**Task goal**
Retype, word for word, the line holding "-国贸旋转餐厅(国贸广场店)" and each line after it down to the end of the data; pictures are not copied.

Supplied material: Begin

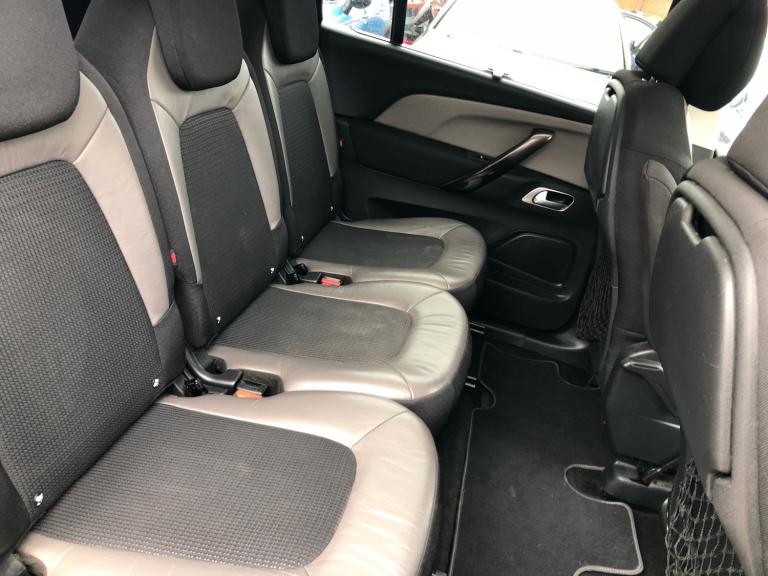 2017 Citroen C4 Grand Picasso 1.6 BlueHDi Flair 5dr MPV Diesel Manual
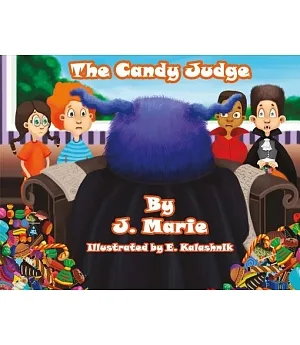The Candy Judge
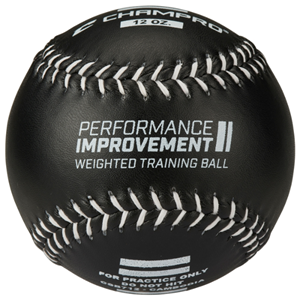 Picture of Champro 12" Weighted Training Softballs
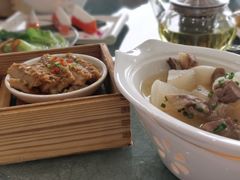 -国贸旋转餐厅(国贸广场店)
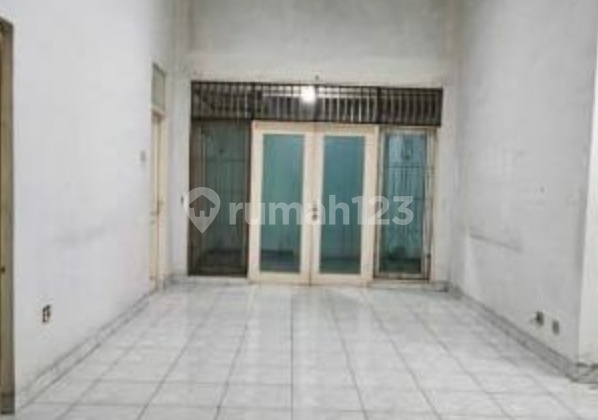 Dijual Rumah Citra2 Hadap Barat Row Jalan Lebar Citra Garden 2 Rumah Hadap Barat Kalideres Jakarta 2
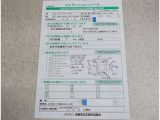 キズ凹み表記しています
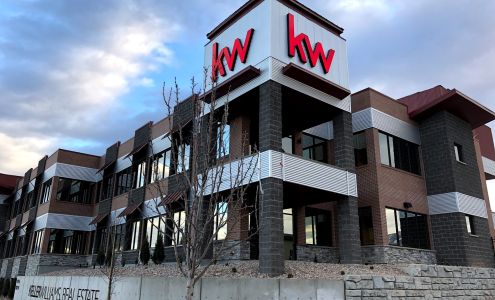 KW Westfield Keller Williams Real Estate
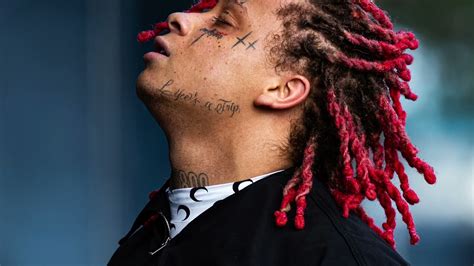 Trippie Redd Immortal No The Game Youtube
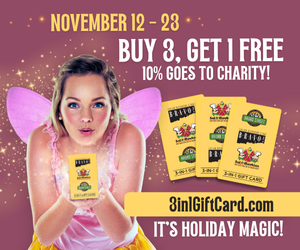 Mangia Bene Mangia Bene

Supplied material: End

**Written answer**
 -国贸旋转餐厅(国贸广场店)
 Dijual Rumah Citra2 Hadap Barat Row Jalan Lebar Citra Garden 2 Rumah Hadap Barat Kalideres Jakarta 2
 キズ凹み表記しています
 KW Westfield Keller Williams Real Estate
 Trippie Redd Immortal No The Game Youtube
 Mangia Bene Mangia Bene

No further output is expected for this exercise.